• **DATA EXCERPT**:
***

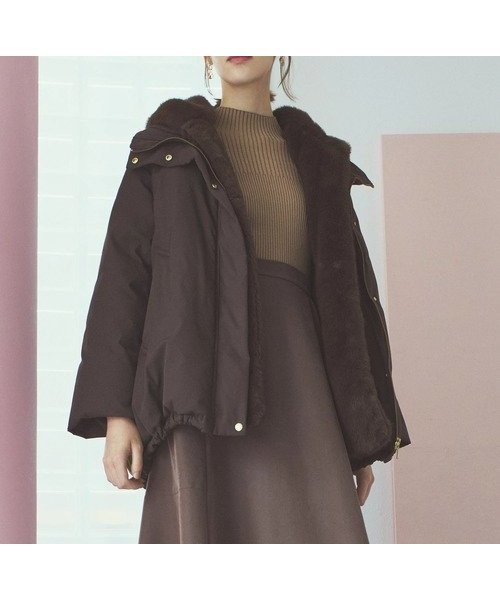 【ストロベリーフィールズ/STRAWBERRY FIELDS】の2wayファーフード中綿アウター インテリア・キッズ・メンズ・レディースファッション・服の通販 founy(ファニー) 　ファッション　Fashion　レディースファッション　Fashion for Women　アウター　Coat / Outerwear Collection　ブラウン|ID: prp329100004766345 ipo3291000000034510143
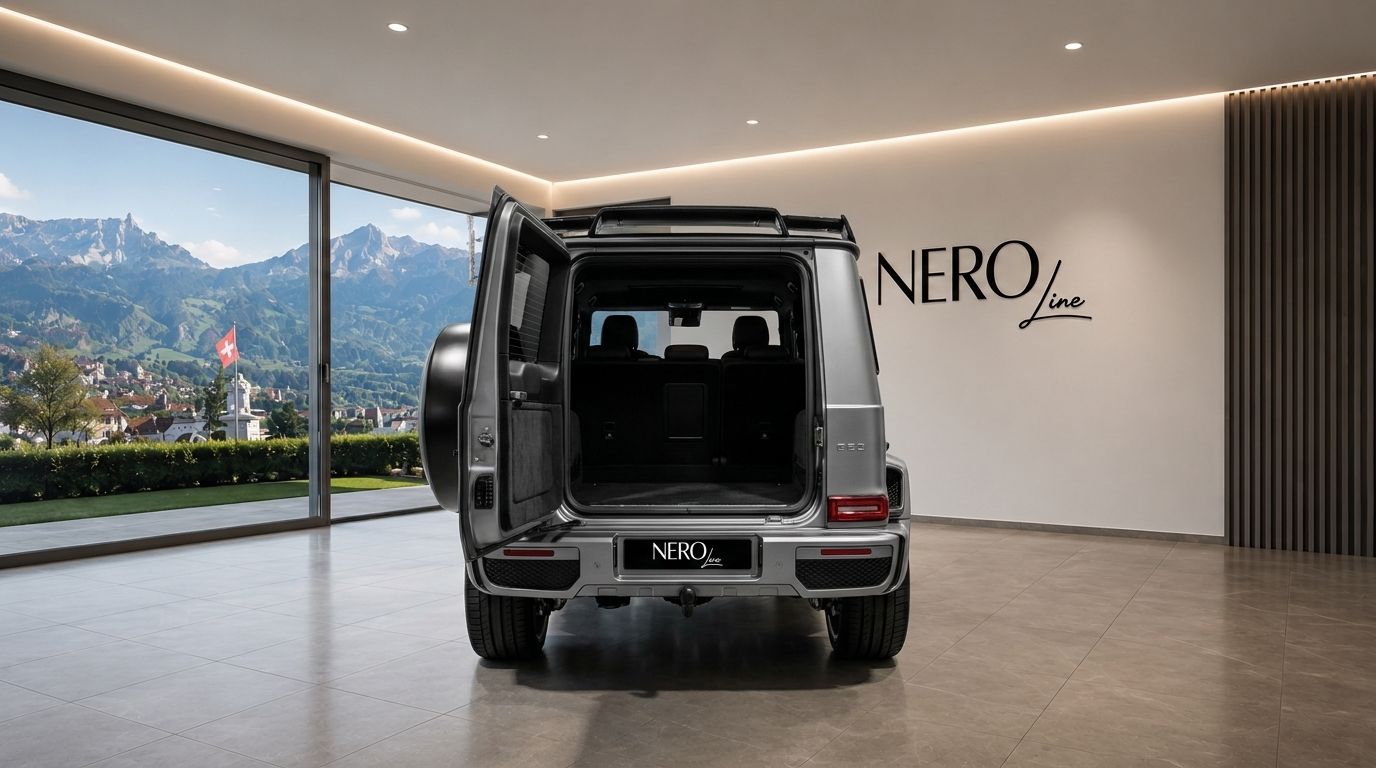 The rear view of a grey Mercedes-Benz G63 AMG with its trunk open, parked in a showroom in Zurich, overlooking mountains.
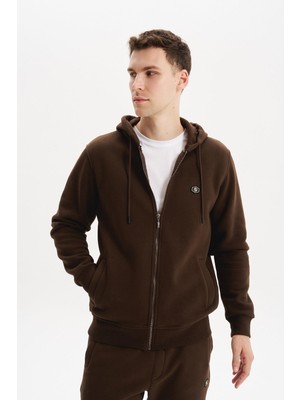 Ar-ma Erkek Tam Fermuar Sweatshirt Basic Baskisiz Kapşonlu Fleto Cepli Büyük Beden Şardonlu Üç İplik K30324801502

***

• **WORK REQUIRED**:
Give back every line of the material above word for word, leaving out the pictures.

• **ANSWER FOR THE TASK**:
 【ストロベリーフィールズ/STRAWBERRY FIELDS】の2wayファーフード中綿アウター インテリア・キッズ・メンズ・レディースファッション・服の通販 founy(ファニー) 　ファッション　Fashion　レディースファッション　Fashion for Women　アウター　Coat / Outerwear Collection　ブラウン|ID: prp329100004766345 ipo3291000000034510143
 The rear view of a grey Mercedes-Benz G63 AMG with its trunk open, parked in a showroom in Zurich, overlooking mountains.
 Ar-ma Erkek Tam Fermuar Sweatshirt Basic Baskisiz Kapşonlu Fleto Cepli Büyük Beden Şardonlu Üç İplik K30324801502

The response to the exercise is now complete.